Going forward the restructured energy industry is going to have some unfamiliar names and faces and they’ll be operating with new ground rules, William Hobbs, president and CEO of Williams Energy Marketing and Trading told state regulators meeting in Chicago Tuesday.

“New entrants will emerge, old players will disappear and unique partnerships will form,” Hobbs said, describing the three groups of major industry players he expects to see going forward. Hobbs spoke at the annual convention of the National Association of Utility Regulatory Utility Commissioners (NARUC).

The utilities, majors and other integrated energy companies will have a place, “but they will likely though have a different look about them,” Hobbs said. “If not already balance-sheet strong…these players will be forced to conform to new ratings agencies’ stipulations…They’ll emerge a stronger, more focused company.”

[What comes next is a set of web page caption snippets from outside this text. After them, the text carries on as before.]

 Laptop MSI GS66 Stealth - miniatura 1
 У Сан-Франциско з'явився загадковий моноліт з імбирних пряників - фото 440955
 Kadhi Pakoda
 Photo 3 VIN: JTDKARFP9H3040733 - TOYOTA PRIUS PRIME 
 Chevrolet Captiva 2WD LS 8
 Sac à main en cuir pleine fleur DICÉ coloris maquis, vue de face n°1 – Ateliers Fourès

He sees commercial investment banks becoming “formidable industry players.” While they lack the “physical expertise” to deliver energy, he noted they do have the financial wherewithal. Hobbs cited Bank of America, UBS Warburg and Morgan Stanley as key examples.

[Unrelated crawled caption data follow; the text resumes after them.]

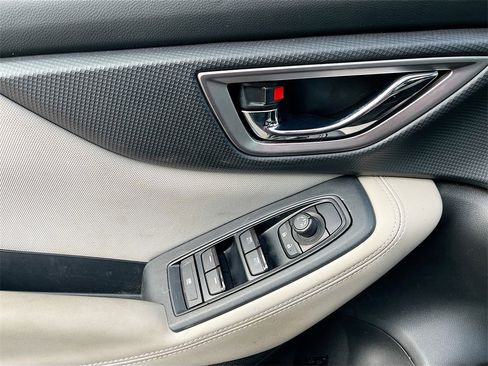 Used 2024 Subaru Forester Premium image 17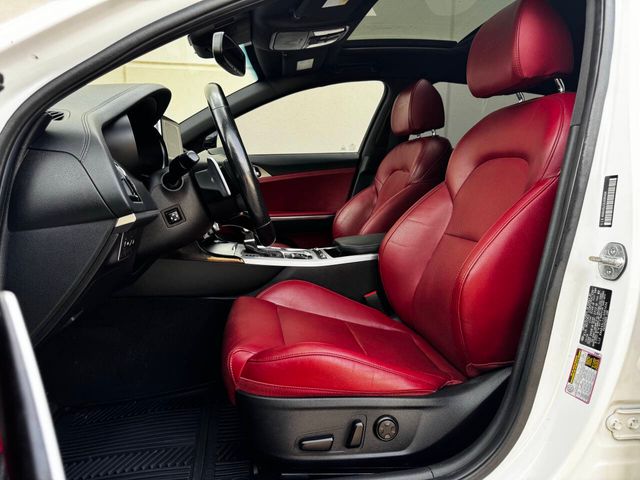 2020 Kia Stinger GT1 | Houston, TX | Houston Auto Credit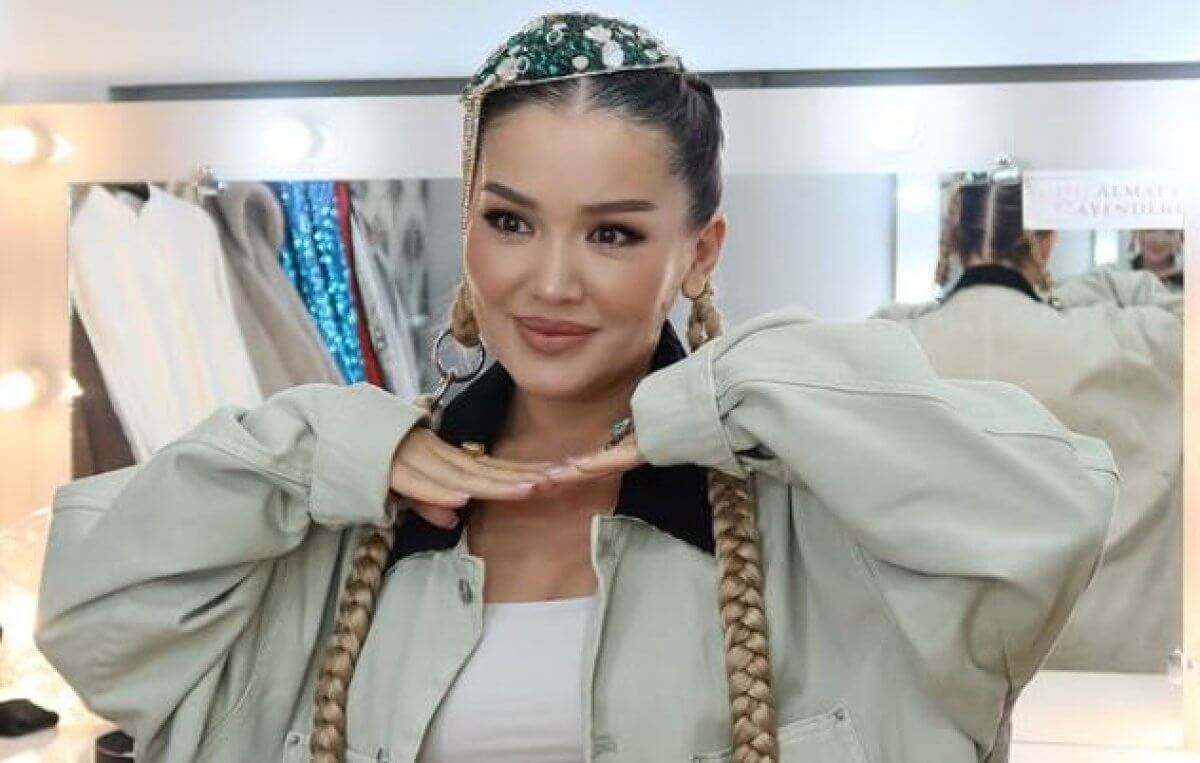 Макпал Исабекова показала подросшую дочь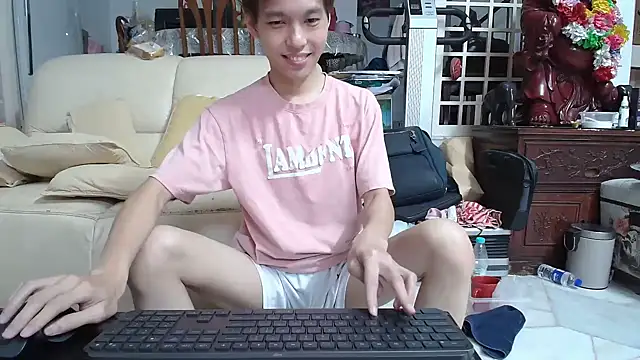 Snapshot of andrewooi chatting on December 28, 4:41 pm andrewooi online show from December 28, 4:41 pm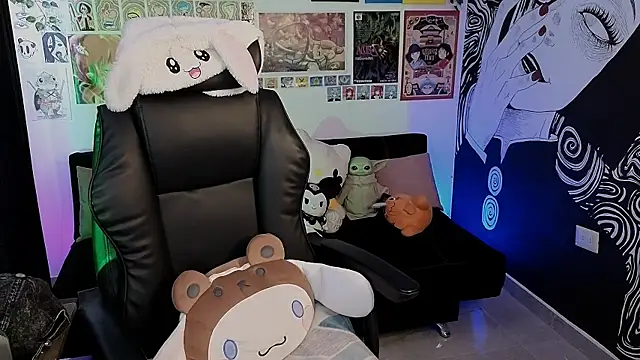 Snapshot of Yuhwan_ chatting on September 13, 2025, 5:57 pm Yuhwan online show from September 13, 2025, 5:57 pm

The third group of players, hedge funds, will enter the marketplace at least in the marketing and risk-management sectors, Hobbs said. He pointed to companies like Louis Dreyfus and Cargill.

“As far as pure trading…big volume companies like Enron, I don’t see those in the future,” Hobbs said. Instead, he said he foresees asset-based companies that are “able to offer customers reliable energy and risk management.

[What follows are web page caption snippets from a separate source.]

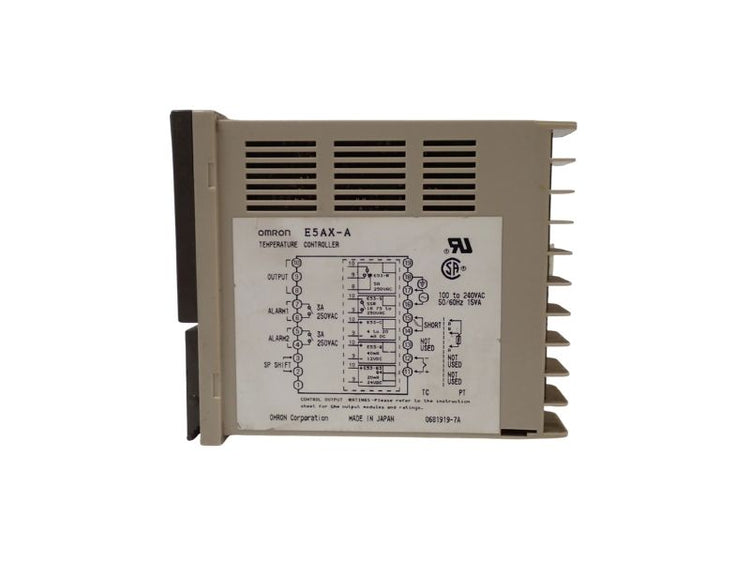 Omron E5AX-A Temperature Controller for Process Automation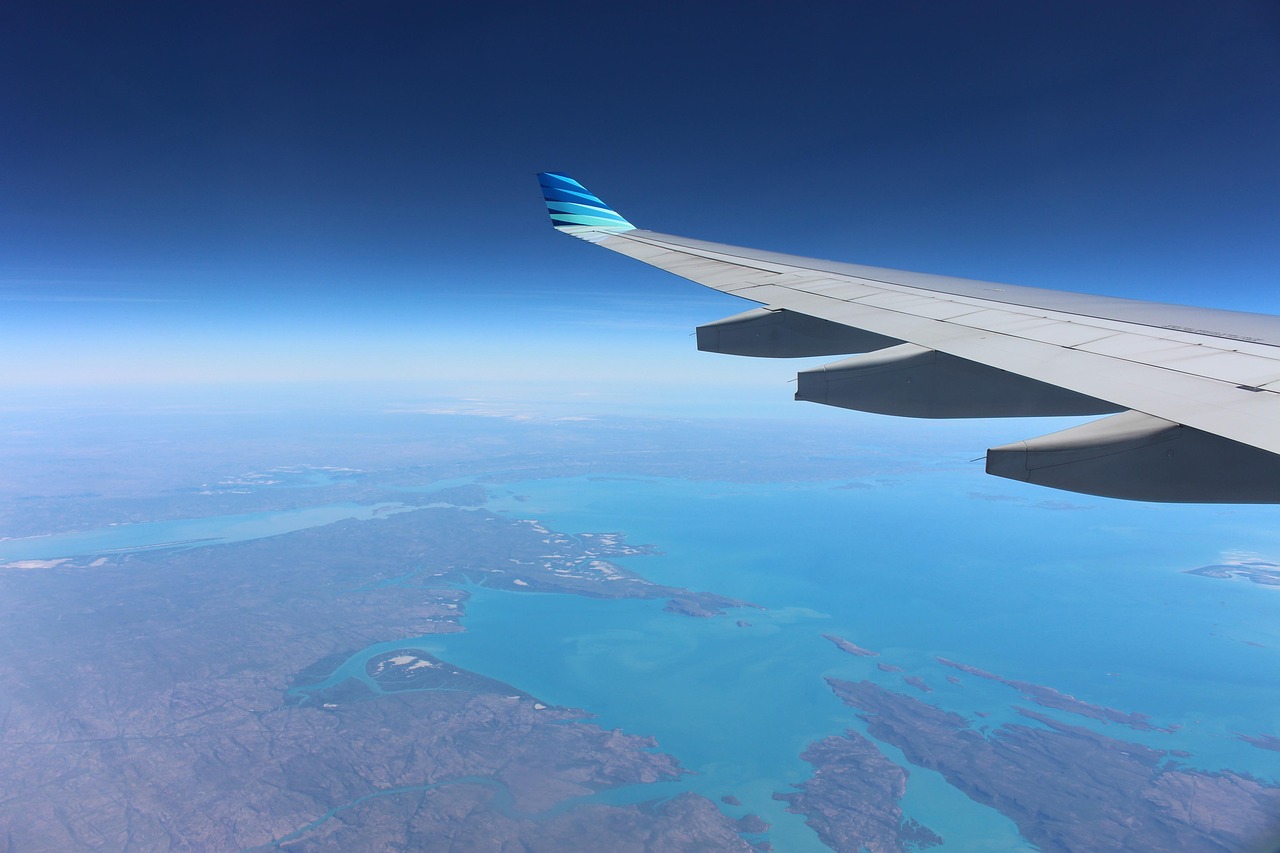Sonhar com avião caindo: 5 significados que você precisa saber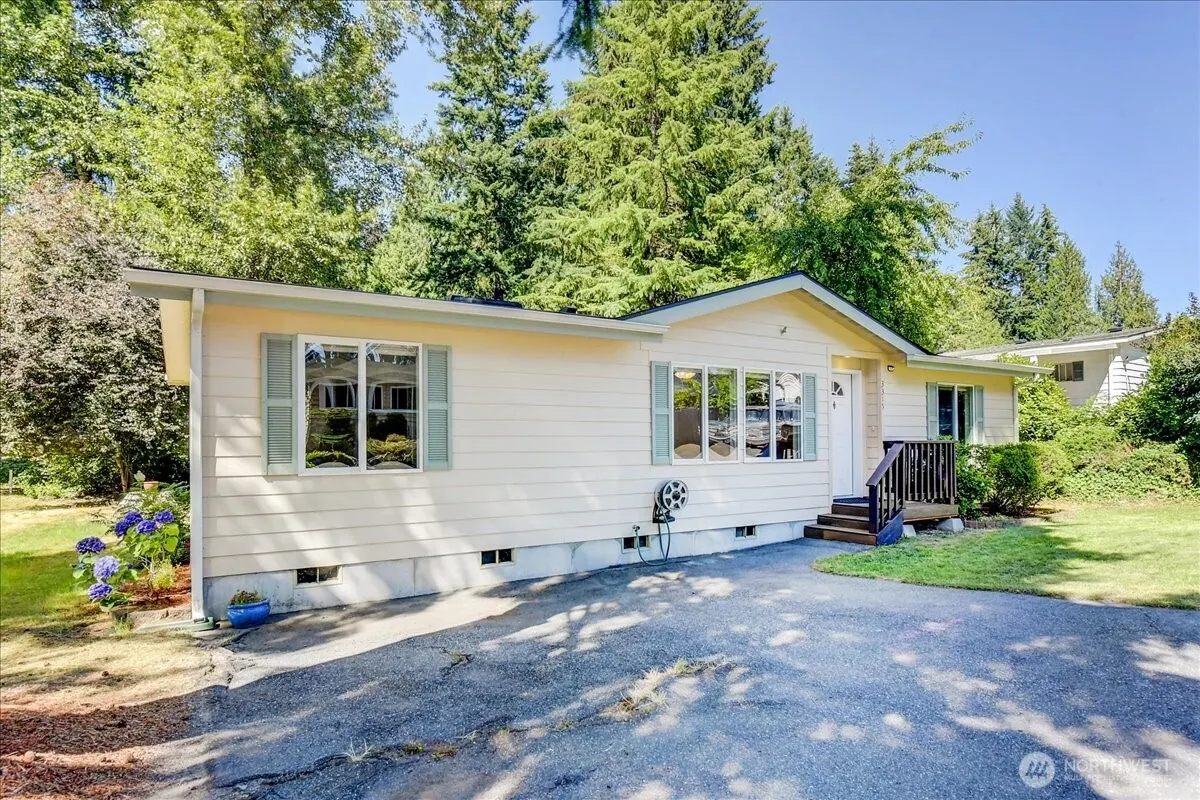 3315 207 Place SE, Bothell, WA 98012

“Most agree an A-rated balance sheet, significant flexibility and liquidity are pre-requisites [going into the future],” he said, but he believes “triple B companies all may dig a foothold with access to capital.”

Hobbs said it was “generally believed” that considerable consolidation would take place in the energy industry “sooner rather than later,” but other experts on the NARUC panel disagreed. And Hobbs noted that Williams is encountering some resistance in its attempts to sell individual assets and its trading book because “people are scared to death” about the uncertainty of the Federal Energy Regulatory Commission’s investigation into the price manipulation of traders in California during the energy crisis.

“Clearly we’ve got right now some of the financial sponsors fishing around the industry” for the first time, such as Warren Buffett, said Jeffrey Yingling, executive director of Morgan Stanley. Buffett’s Berkshire Hathaway — with an insurance company base — has purchased Kern River Gas Transmission and Northern Natural Gas, and last week made a loan to CenterPoint.

Like Hobbs, he said he expects to see “continued consolidation” within the energy industry. Institutional investors favor corporate combinations to boost the sagging liquidity positions of companies, Yingling noted. But he believes there will be far fewer stock-for-stock transactions because of the uncertainty over stock prices.

Heading into the future, liquidity will be “hugely important,” but management strength and credibility will be “probably the greatest premium” for energy companies, Yingling said.

Yingling and others believe more energy company bankruptcies are a near certainty, but they refused to name names. “If you just look at the marketplace today,” where bonds and stocks are trading, “that would indicate that there’s a pretty high level of risk that these companies may not be able to finance themselves in their current state.”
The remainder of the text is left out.